37 Jesus replied: “‘Love the Lord your God with all your heart and with all your soul and with all your mind.’ 38 This is the first and greatest commandment. 39 And the second is like it: ‘Love your neighbor as yourself.’ 40 All the Law and the Prophets hang on these two commandments.” (Matthew 22)
In other words, every other teaching is built on the bedrock of love. Love God. Love our neighbor. Why do we follow the commandment to honor the sabbath and keep it holy? Out of love for God. Why do we not steal, kill, or covert? Out of love for our neighbor. And so on. Every command, to love our enemies, bless those who curse us, pray for those who spitefully use us – every command is rooted in the principle of love, either for God or our neighbor.
And yet, we also recognize that there are distortions of love; imitations that easily beguile us; shallow knock-offs that promise fulfillment in the moment but leave us empty in the long run. Valentine's cards are filled with emotional tropes, words that are recited once a year, whether the lived reality of our day-to-day relationships align with those saccharine poems or not.

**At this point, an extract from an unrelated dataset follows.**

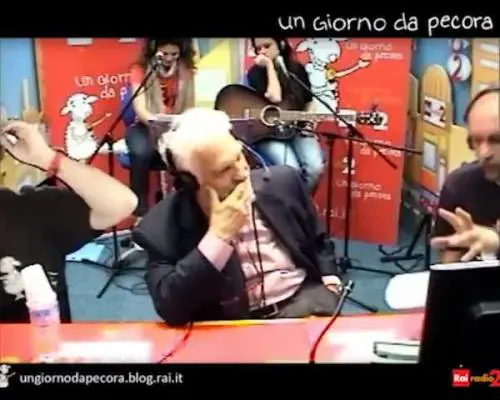 Schultz fa finta di non vedere: "Non credo al complotto"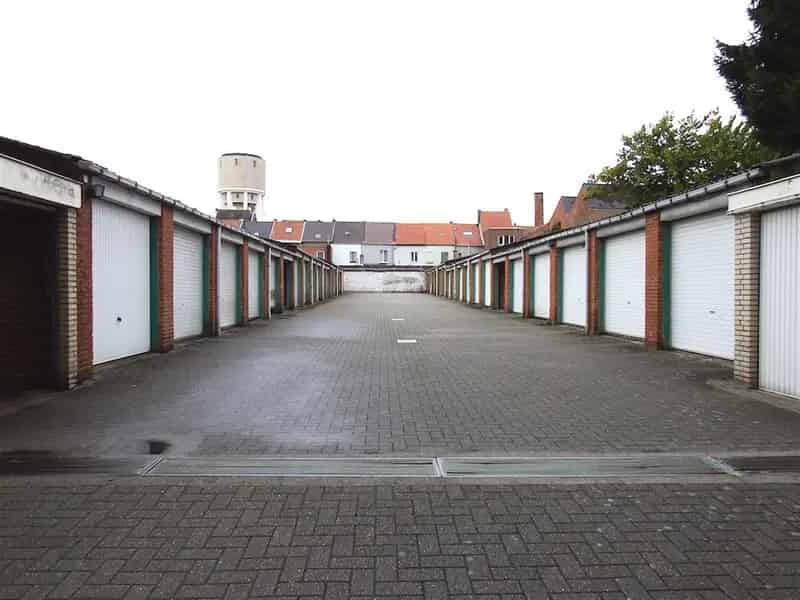 Garagebox te Huur Nabij Parklaan Aalst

In Biblical terms, along with all of creation falling, love took a qualitative hit after the garden. We experience love, yes, but it is something less than it should be. We observe love after the fall through a glass darkly. Now we give love not as the Lord gives, but as the world gives; selfishly rather than selflessly; to gain something rather than sacrificially. Because we are all wounded, the love that springs from our human nature is also wounded. Apart from God, to love in our humanness is something less than true love, and more like to blave or to bluff.
In that sense, we cannot begin to truly love God and our neighbor the way we ought unless our understanding and experience of love is healed. Our wounded love must be regenerated by the love of God. Our ability to love our neighbor, our spouse, our children, will always be less than it should be if it is not rooted in the holy love of God. Our ability to love God will always be selfish and avaricious unless it can be transformed into a new way of loving.
God’s love is “other”... It is greater than our love. It is stronger than our love. It is sweeter than our love. In every way, the love of God surpasses the love of man. Our love is a mere shadow while God’s love shines like the sun.
And so, this first message is foundational to the rest, because it is useless to talk of loving God or neighbor without first receiving a full transfusion of love from God. Yes, before we can rightly love God we must fully receive the perfect love of God. Before we can adequately love our neighbor, we must experience the depths of the love God has for us.
In order to understand God’s love, we need to understand two key principles. First, God’s love has two sides. Second, God’s love is bigger than we think.
First, God’s love has two sides.
One of the helpful biblical pictures we have to describe the love of God is a parent’s love for a child. We are all familiar with the concept of God the father, showing us “father-love”. But let’s not forget that God also shows “mother-love” to us. Remember what Jesus said when he approached Jerusalem? “How often I have longed to gather your children together, as a hen gathers her chicks under her wings.” (Matthew 23:37, Luke 13:34) This picture of a mother-hen protecting her chicks is a very tender portrait of the mother-love God has for His children.
And so we see that the Biblical portrait of God’s love involves both father-love and mother-love. But what do we mean by that?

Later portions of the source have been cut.